### TASK
Pictures aside, reproduce exactly and only the lines below, starting at the one containing "A group of reddish-brown" and ending at the last line.

### SUPPLIED MATERIAL
Content starts

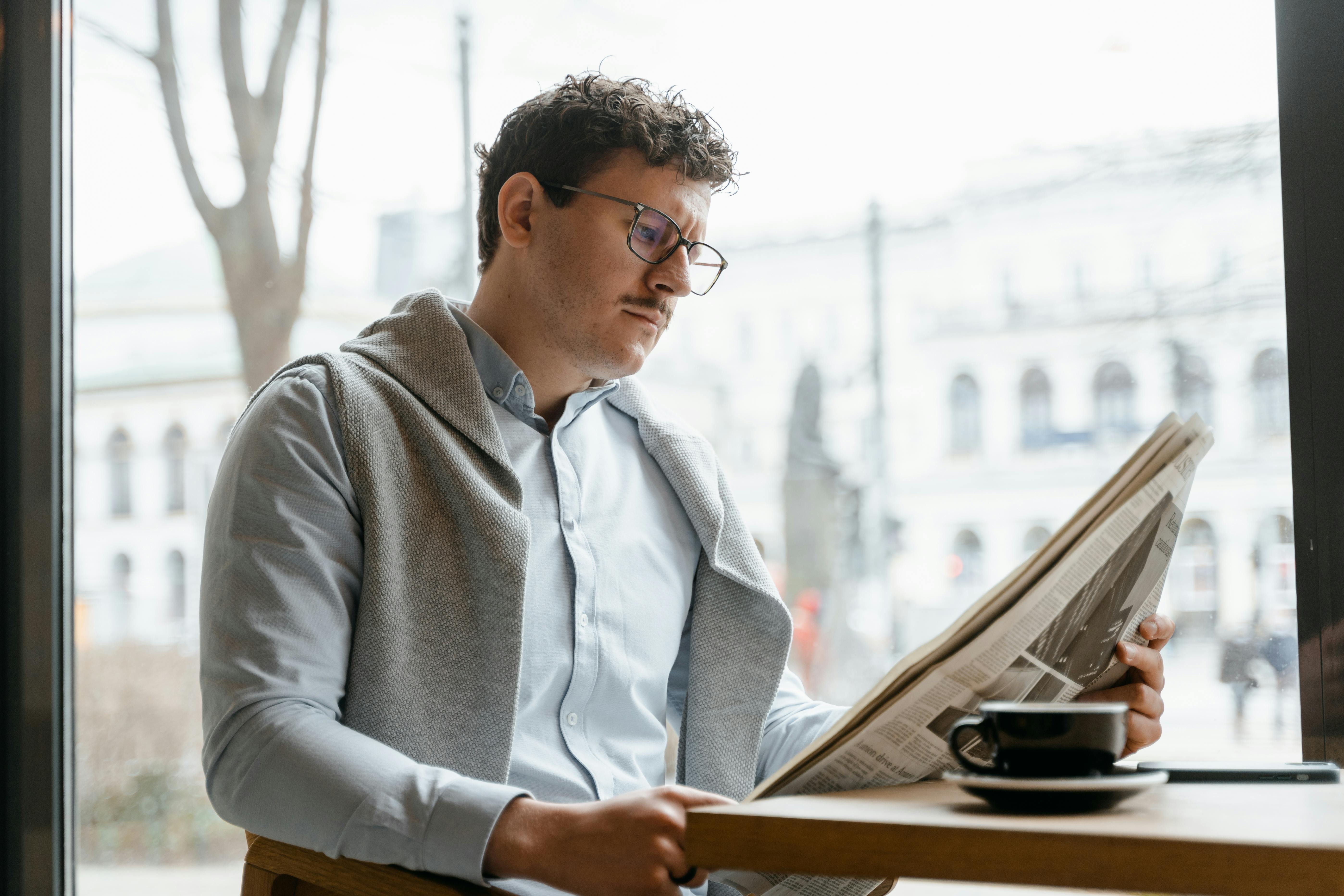 man reading a newspaper while having coffee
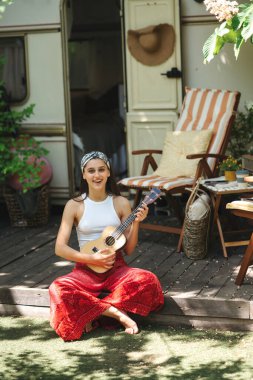Mutlu hippi kız karavanda gitar çalarak iyi vakit geçiriyor. Tatil, tatil, gezi konsepti. Yüksek kalite fotoğraf.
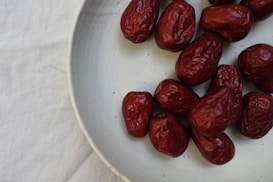 A group of reddish-brown dates are arranged on a round, light-toned ceramic plate, placed over a white fabric background. The dates have a wrinkled texture and are positioned on the right side of the plate.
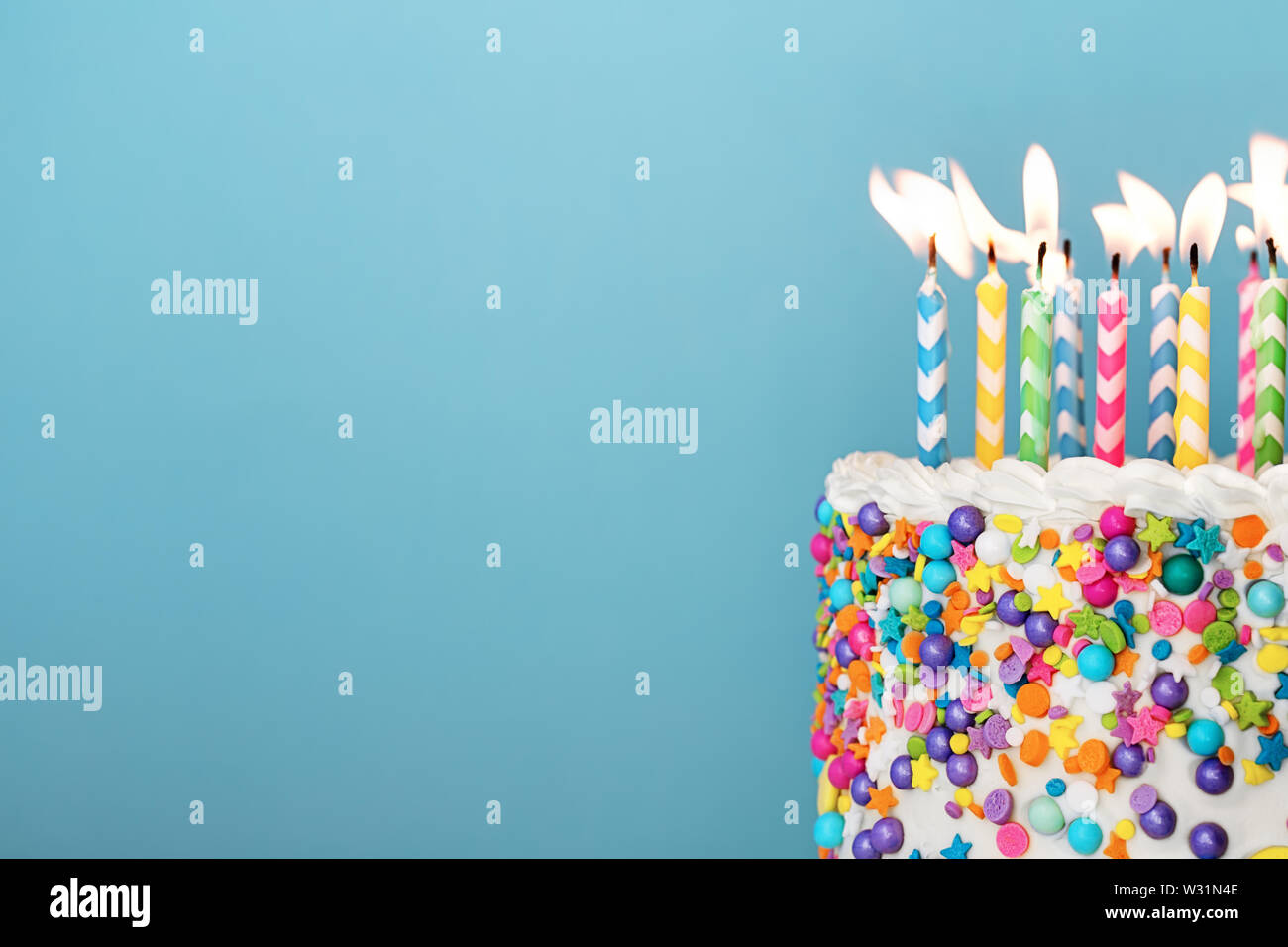 Torta di compleanno con un sacco di candele colorate e spruzza su uno sfondo blu Foto Stock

Content ends

### WRITTEN ANSWER
 A group of reddish-brown dates are arranged on a round, light-toned ceramic plate, placed over a white fabric background. The dates have a wrinkled texture and are positioned on the right side of the plate.
 Torta di compleanno con un sacco di candele colorate e spruzza su uno sfondo blu Foto Stock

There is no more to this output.